● What is being asked: Everything in the data that follows should be given again verbatim, except the images.
[Opening Supplied data section]
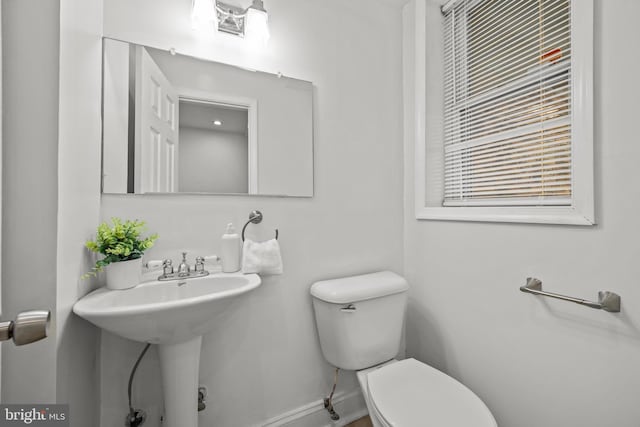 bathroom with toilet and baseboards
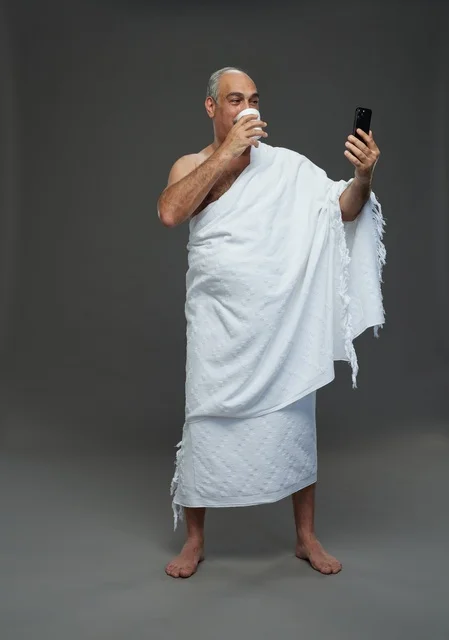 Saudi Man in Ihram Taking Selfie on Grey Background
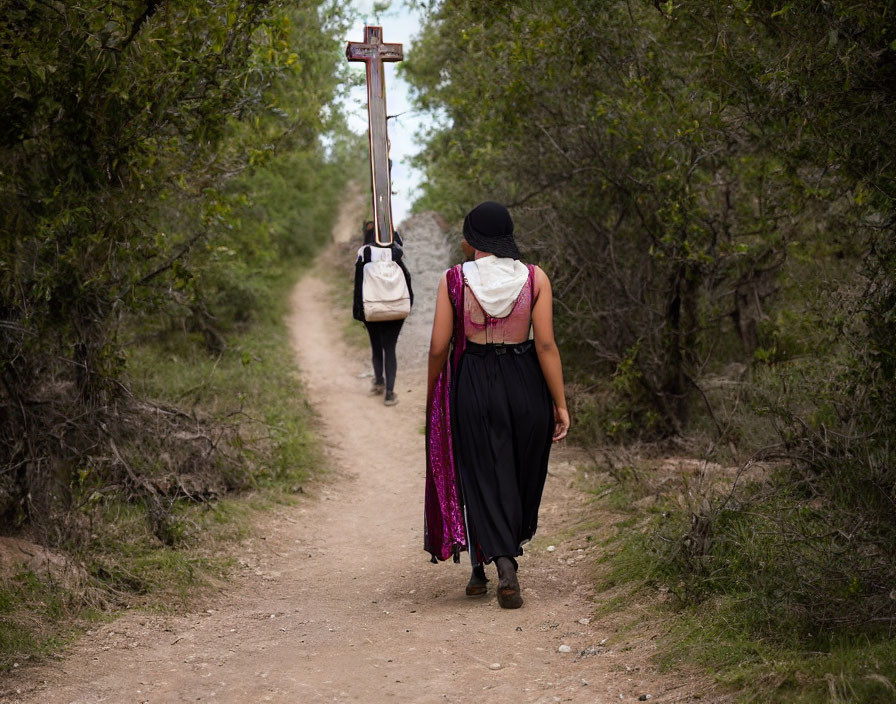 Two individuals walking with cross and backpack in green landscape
[Closing Supplied data section]
● Task solution:
 bathroom with toilet and baseboards
 Saudi Man in Ihram Taking Selfie on Grey Background
 Two individuals walking with cross and backpack in green landscape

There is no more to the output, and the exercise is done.